Predictive variables for low functional strength
Correlation analysis was performed using the data from the previous analysis, and Fig. 4A and B show the results of the adjusted and partial correlation analyses, respectively. Correlation analysis showed that after correction for multiple testing, sports activity in minutes per week was inversely related to metabolic biomarkers and positively related to healthy lifestyle and to tryptophan intake. Sports activity was also related to Akkermansia, Alistipes, Bacteroides, Odoribacter, Oscillibacter, and Streptococcus. Absolute HGS in was more strongly related to sex, age, tryptophan intake, and the taxa Clostridium XIVa, Dialister, Escherichia.Shigella, Faecalibacterium and Parasutterella. Caffeine intake was inversely correlated with the ADII, Anaerostipes, and Flavonifractor and positively correlated with the Chao1 and InvSimpson indices. This was also true after adjusting for sex, age, and BMI.
Correlation plots showing (A) the correlations adjusted for multiple testing, and (B) the correlations adjusted for age, sex, and BMI between handgrip strength (HGS), sports activity, strength fitness groups, inflammatory and lifestyle parameters, and relative microbial abundance. Blue and red indicate positive and negative correlations, respectively. The color density and square size reflect the scale of the correlation significance cut-off points by *p ≤ 0.05, **p ≤ 0.01, ***p ≤ 0.001, and ****p ≤ 0.0001. CRP, C-reactive protein; IL-6, Interleukin 6; HLS, healthy lifestyle score; ADII, adapted dietary inflammatory index.
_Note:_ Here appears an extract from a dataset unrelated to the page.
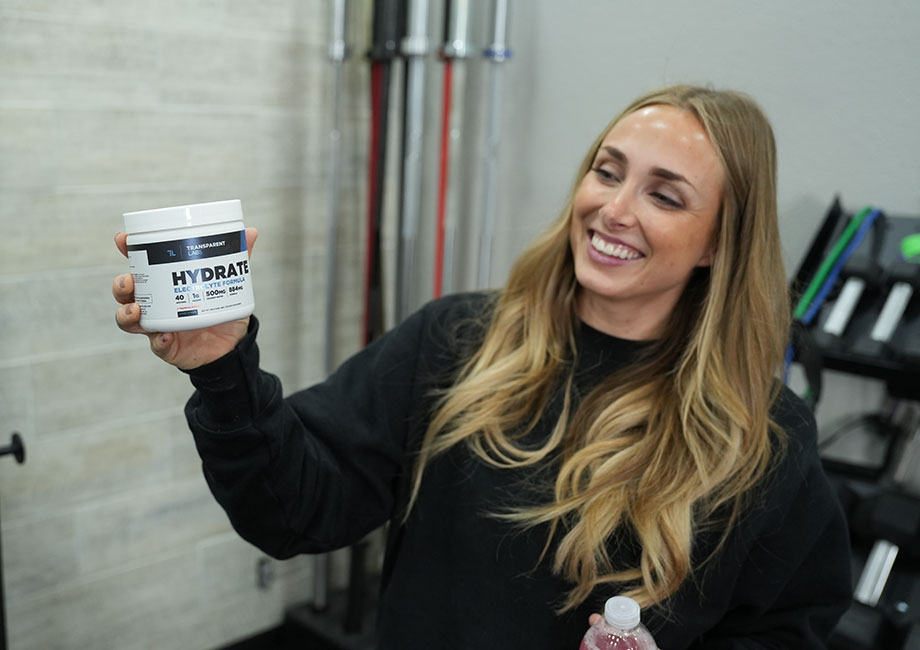 A smiling woman holds up a container of Transparent Labs Hydrate.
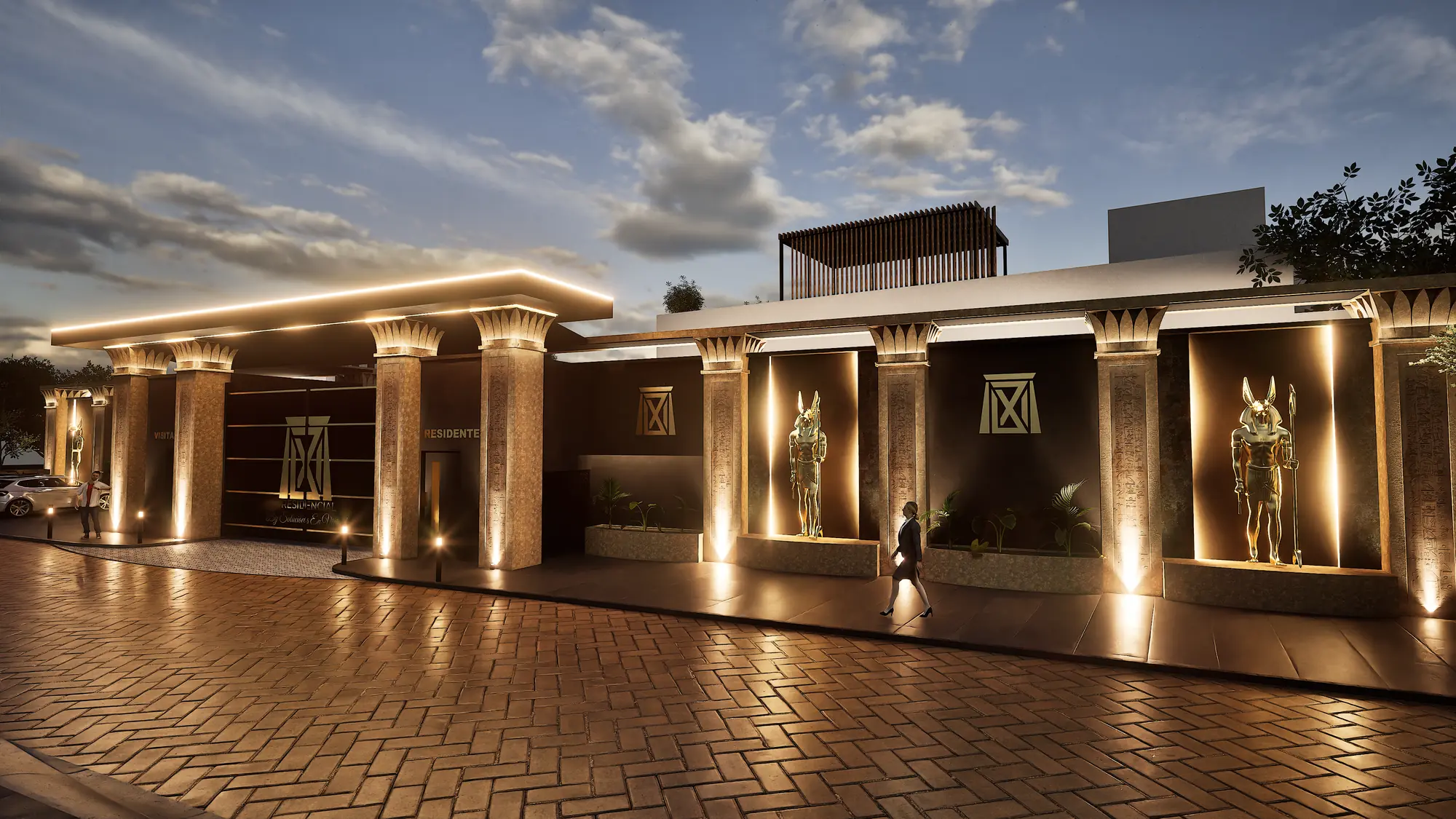 Acceso del residencial al anochecer, con una persona caminando frente a las columnas y las estatuas en nichos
Supplementary Table S6 (in the Electronic Supplementary Material) presents the odds ratios (OR) with 95% confidence intervals (CI)) of the potential predictors of low functional strength using a multivariate binomial logistic regression model with functional strength groups. Significant predictors associated with an increase in the probability of low functional strength (LL) were age (OR (95% CI) 1.12 (1.08–1.17, p < 0.001)) and daytime sleep (OR (95% CI), 2.72 (1.51–5.42, p = 0.002)), whereas high HLS adherence reduced the risk of low functional strength (OR (95% CI) 0.18 (0.09–0.33, p < 0.001)). Supplementary Table S7 (in the Electronic Supplementary Material) presents the odds ratios of potential predictors, including microbiota, for the likelihood of having a low functional strength level and shows that the inclusion of the Chao1 and InvSimpson indices did not significantly change the previously mentioned confounders.